The Oracle Machine - Himba

Most people acknowledge that nightmares frighten them, and other dreams help them wake up relaxed or in a jolly mood, but beyond that, it seems to me, that too many people dismiss any value to their dreams – mostly because of the supposedly random imagery involved.

However, I believe we do have a deep ‘inner-self’ that speaks to us in dreams, but that it uses images partly because it seldom uses a voice. Perhaps this is because we already have another inner-dialogue, more conscious ‘voice’ we already use. (Although in lucid dreams, I have experienced external-sounding voices…)

So instead our inner-self communicates in images, and it uses images from our subconscious, that already have ’emotionally-loaded’ meaning for us. This is why dreams will throw up images from the past – representing something we experienced whose impact became embedded in us, and associated with that image. Furthermore, these images are intertwined with symbols and personalities we may never have consciously encountered before.

Jung used the word ‘archetype’ – now part of our lexicon – to describe his idea that our instincts have become so refined as to be ‘personalities’ that reside within us, and influence us greatly. These characters can be seen in mythology, because myths are stories that have been passed down through the ages, and have thus been shaped over time – like a smooth pebble on a beach – to reveal these archetypes.

And the fact that such similar myths and archetypes pop up across the world, across all cultures, and across so many dreams – should be evidence that they are deeply part of us.
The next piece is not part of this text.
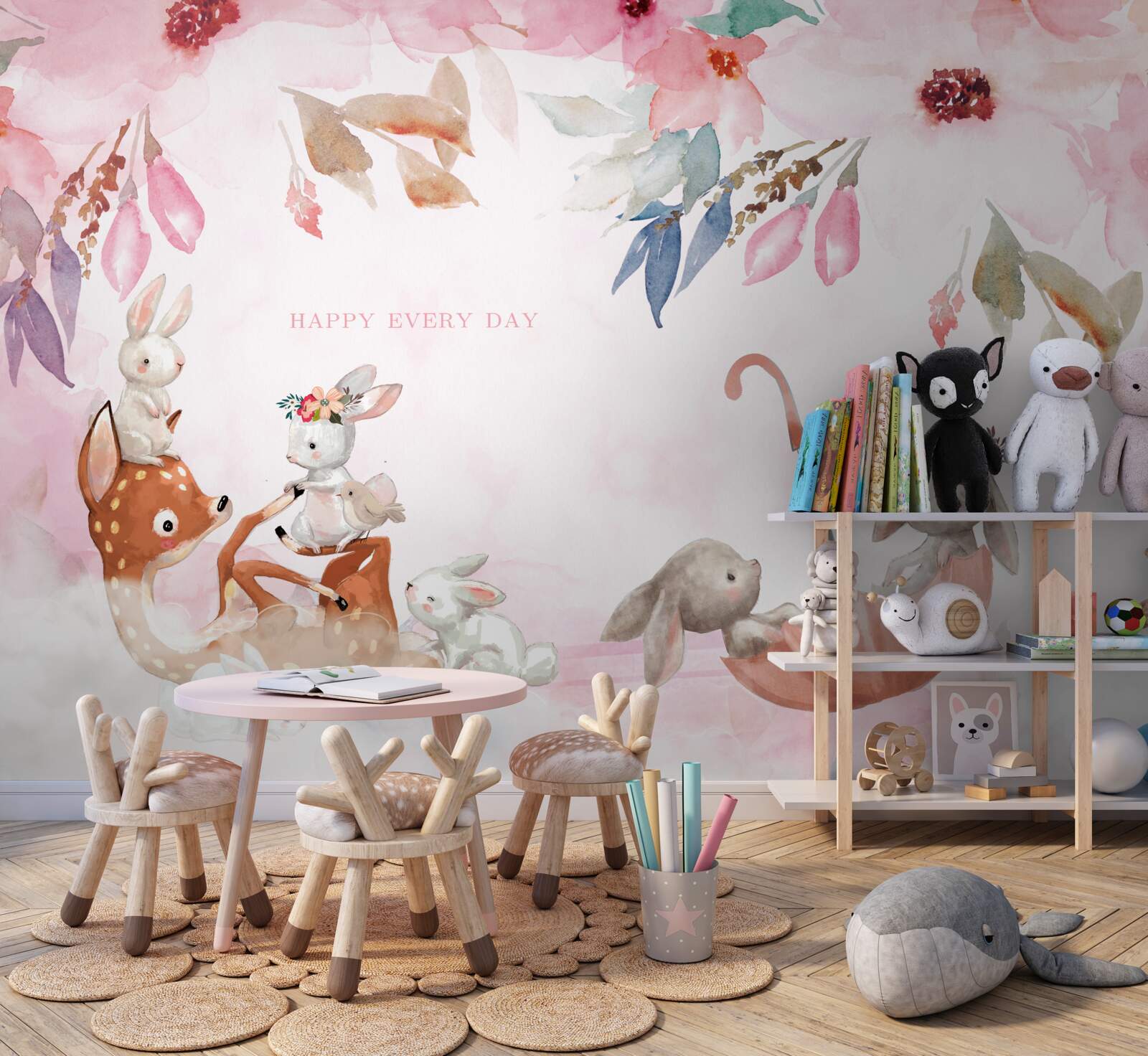 Fotobehang fauna op roze achtergrond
What’s interesting now is that A.I. brain scanning is becoming able to visualise the images we imagine. Does this mean that soon A.I. will see what we dream? And when it analyses the dreams of 20 million people – or perhaps 1 billion when we have mobile phones embedded in our heads – will A.I. then see the patterns, or streams, of mythology, and ‘meet’ these archetypes?

I agree with what Harari says – that we really should all try get to know ourselves better, before an A.I. knows us better than we do. So shouldn’t we all be paying much more attention to our dreams?